§ **Problem description**:
Would you transcribe the entries below word for word, omitting all images?

(Stored data entries)
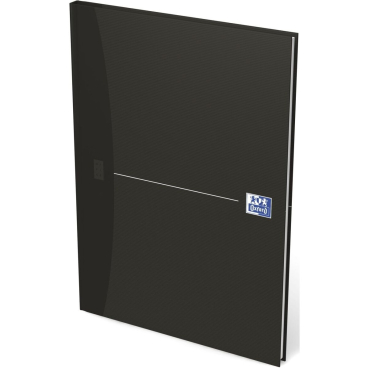 Geschäftsbuch Smart Black A4 kariert 96 Blatt schwarz Geschäftsbuch Smart Black A4 kariert 96 Blatt schwarz - Bild-Darstellung des Produktes 1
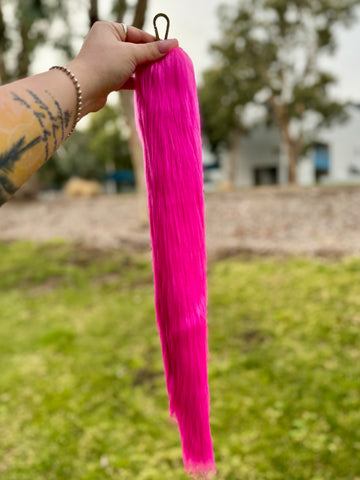 Fuchsia Pink Tail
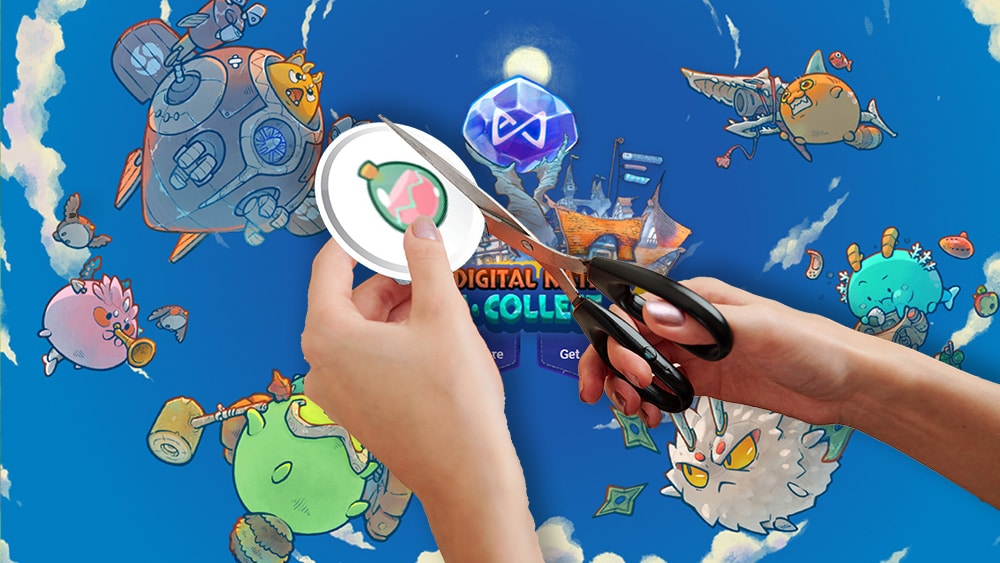 Axie infinity recorta recompensa SLP jugadores aumento precio token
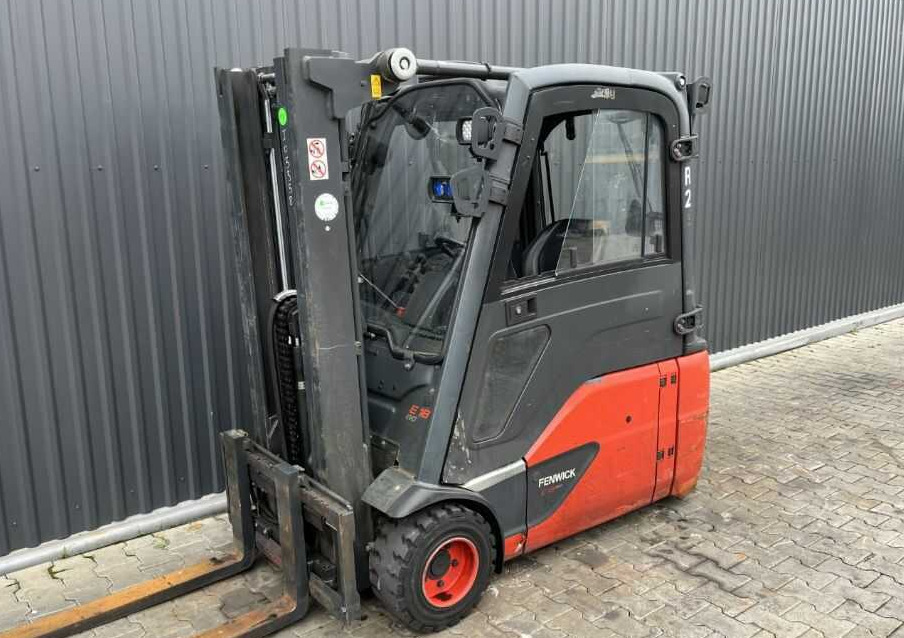 Linde E18L-02 - رافعة شوكية كهربائية: صور 1 Linde E18L-02 - رافعة شوكية كهربائية: صور 1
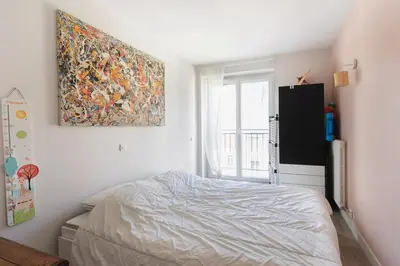 Plan de l'établissement Nid douillet pour 4 pers dans le 15e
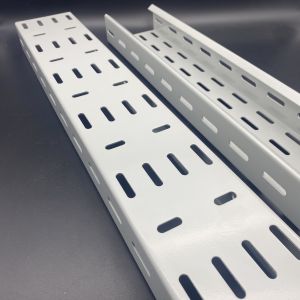 Factory Supply 2400x250x2mm Electrical Galvanized Powder Coated Cable Trays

§ **Task answer**:
 Geschäftsbuch Smart Black A4 kariert 96 Blatt schwarz Geschäftsbuch Smart Black A4 kariert 96 Blatt schwarz - Bild-Darstellung des Produktes 1
 Fuchsia Pink Tail
 Axie infinity recorta recompensa SLP jugadores aumento precio token
 Linde E18L-02 - رافعة شوكية كهربائية: صور 1 Linde E18L-02 - رافعة شوكية كهربائية: صور 1
 Plan de l'établissement Nid douillet pour 4 pers dans le 15e
 Factory Supply 2400x250x2mm Electrical Galvanized Powder Coated Cable Trays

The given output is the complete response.